Viel wichtiger als das Angebot, aus dem auch Touristen ihren Bedarf an qualitativ hochwertigen und einzigartigen Souvenirs decken können, ist aber etwas anderes: man muss nichts kaufen! Keiner preist lautstark seine Waren an, aber jeder Händler freut sich über das Interesse an seinen Waren und gibt bereitwillig und freundlich Auskunft über Art und Herstellung (was übrigens überall für jeden Einkauf gilt, wie wir zu unserer Verwunderung feststellen konnten). Die bei uns übliche Musikberieselung fehlt dagegen. Das Gespräch ist viel wichtiger. Vielleicht eine Art afrikanisches Palaver, obwohl man auf diesem Markt fast nur Weiße sieht.

Eine Weihnachtsfeier – Carols by Candlelight

Eine Einladung zu einem Abend in einer Kirche zu einem Abend mit „Carols by Candlelight“ konnten wir uns nicht entgehen lassen.
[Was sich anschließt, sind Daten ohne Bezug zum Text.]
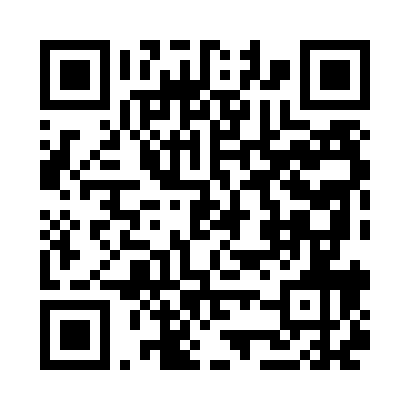 QR code for 4k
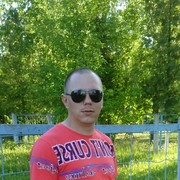 ���������� ������������, ������� Aleksey, 35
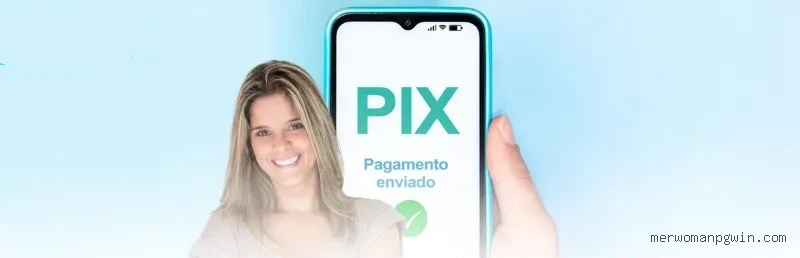 Merwomanpg Plataforma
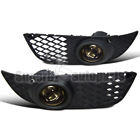 8321a501-8321a502 Lf-lan08goem Superbautoparts Mitsubishi Lancer De Es Fog Lights Bracket 684758607133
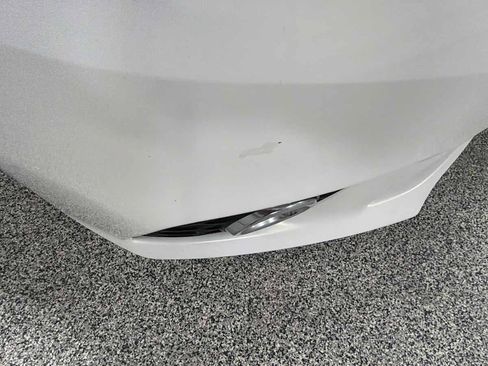 Used 2017 Nissan Sentra SR w/ SR Midnight Edition FWD image 31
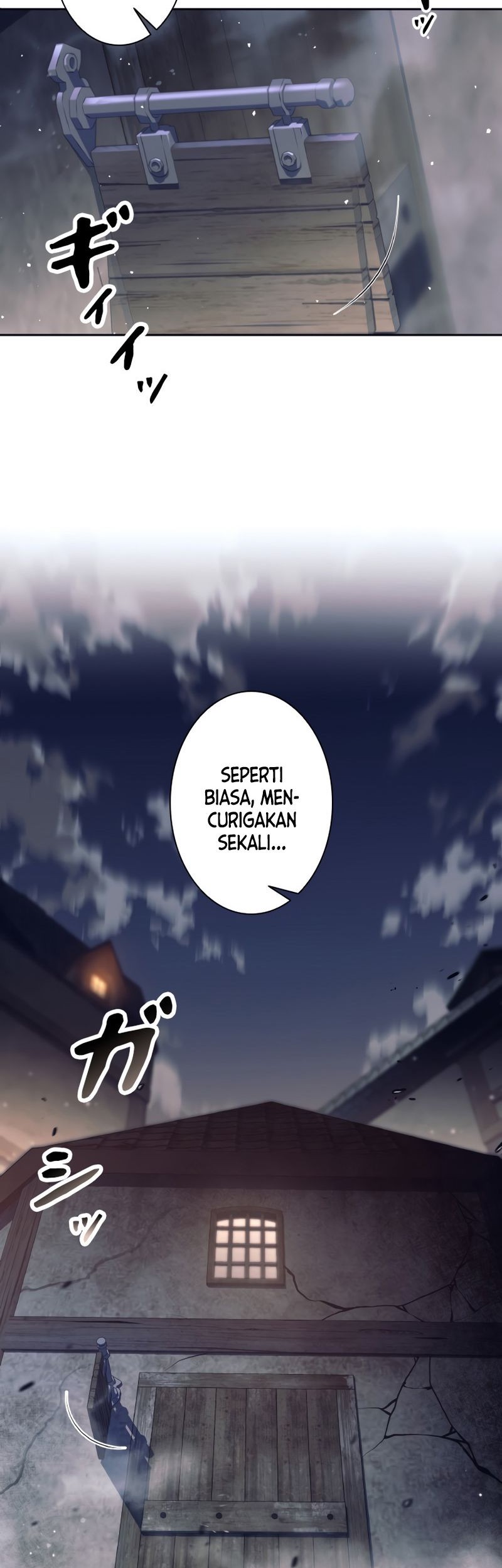 Halaman 63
Weihnachtslieder singen wir natürlich auch, und auch in Deutschland gibt es zur Weihnachtszeit noch Kurrendesänger, aber Weihnachtslieder bei Kerzenlicht als Veranstaltung?

Die Ursprünge des Brauchs

„Carols by Candlelight“ sind eine australische Tradition aus dem 19. Jahrhundert. Walisische Bergleute in den Minen von Südaustralien trafen sich heimwehgeplagt am Weihnachtsabend um ihre heimischen Weihnachtslieder zu singen; auf ihre Sicherheitshelme hatten sie brennende Kerzen geklebt.

Die Verbreitung

Der Brauch verbreitete sich schnell über Victoria und Melbourne in ganz Australien. 1938 sah ein Radioreporter eine alte Frau, die allein in ihrer Stube bei Kerzenlicht Weihnachtslieder aus dem Radio mitsang; der Reporter fragte sich, wie viele Leute wohl am Weihnachtsabend allein singen und feiern müssten. Er hatte die zündende Idee, möglichst viele Menschen dazu zu bringen, gemeinsam die Christmas Carols bei Kerzenlicht zu singen. So eine Art Fischer-Chöre mit Kerzen.
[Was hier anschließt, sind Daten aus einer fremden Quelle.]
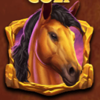 colt lightning colt symbol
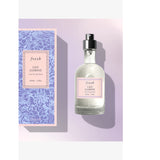 Eau de parfum Lily Jasmine floral fragrance, UK version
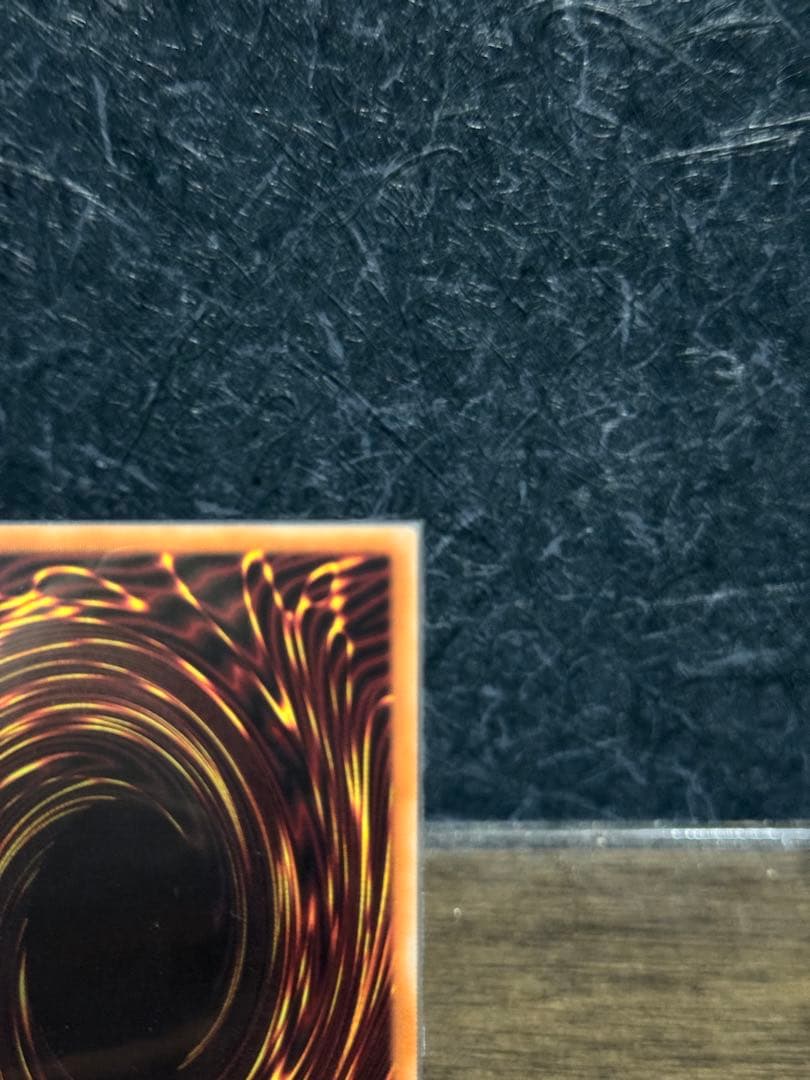 I：Pマスカレーナ　プリズマ　プリシク　バイク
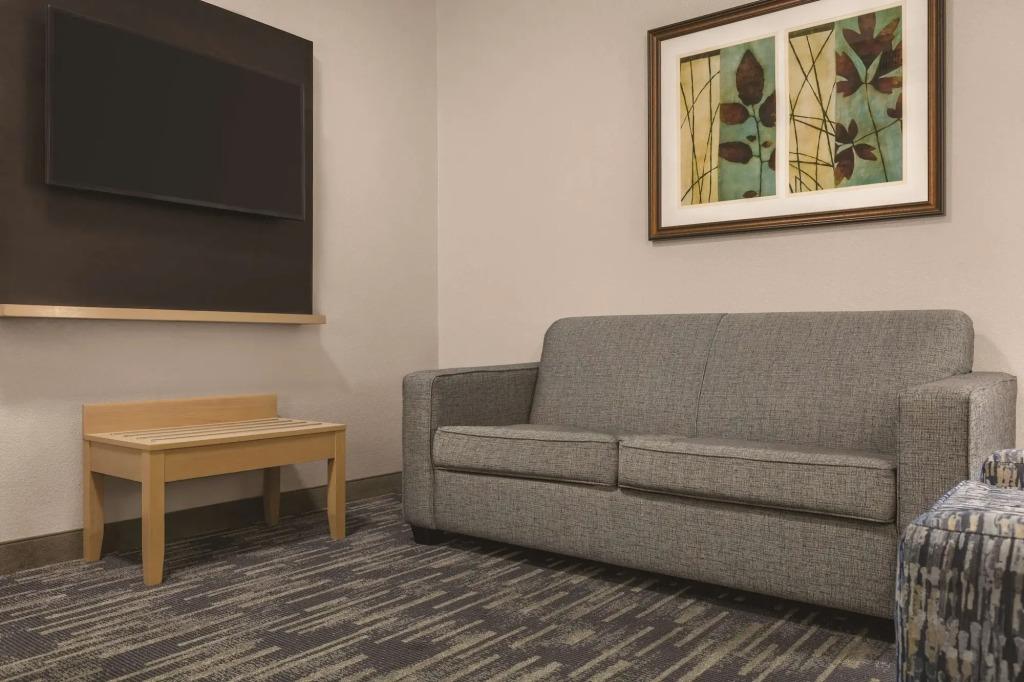 hotel image 19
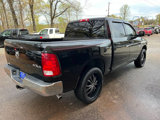 Used 2016 RAM 1500 Tradesman w/ Chrome Appearance Group image 5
Das erste Zusammentreffen wurde sofort von 10000 Leuten besucht und war ein voller Erfolg. Nach dem 2. Weltkrieg verbreitete sich der Brauch im ganzen englischen Königreich.

Der Brauch heute

Heute ist daraus eine in der ganzen englisch-sprachigen Welt gefeierte populäre Massenveranstaltung geworden, an der viele Stars gerne mitwirken; die Hauptsache ist und bleibt aber das gemeinsame Singen. Für die Großveranstaltungen nimmt man Eintrittsgelder, der Erlös wird für wohltätige Zwecke gestiftet. Carols by Candlelight veranstaltet man aber auch in kleinerem Kreis, ähnlich, wie bei uns die Weihnachsfeiern: in jedem Betrieb, jedem Verein, vor allem aber in den Kirchengemeinden trifft man sich und singt die traditionellen Carols. Man kann diese Lieder nicht gut mit unseren Weihnachtsliedern vergleichen, sie sind häufig viel fröhlicher und temperamentvoller.

Die Zeremonie

Der Abend in der Baptistengemeinde, deren Einladung in Kapstadt wir neugierig annahmen, war für uns beeindruckend: wir wurden freudig wie alte Bekannte begrüßt (“Gäste aus Germany“ hatte man dort nicht alle Tage) und bekamen einen Kerzenhalter in die Hand gedrückt; der bestand aus einem abgeschnittenen, umgedrehten Oberteil einer Plastikflasche, in dem schon eine Kerze steckte – praktisch, denn das Wachs lief in den Halter und die Flamme konnte keinen Brand auslösen. Die Kirche war ziemlich schlicht und schmucklos, aber weihnachtlich hergerichtet mit einer Krippe, die ersichtlich von den Kindern der Gemeinde selbst gebastelt war.

Singen

Einige einführende Worten des Predigers und dann wurde gesungen- aber wie! Wer jemals Gospels gehört hat, kann sich vorstellen, was hier „Singen“ hieß. Die alten und meist auch uns bekannten englischen und internationalen Lieder wurden mit einer Inbrunst und Begeisterung gesungen, die jeden mitriss. Alle sangen mit, und wer die Texte nicht kannte, konnte sie von der Wand ablesen: ein Beamer machte es möglich.

Zum Schluss

Um die Eingangsfrage zu beantworten: auch unter Palmen und südlicher Sonne wird die Vor- und die Weihnachtszeit gefeiert; anders als bei uns, aber nicht weniger festlich.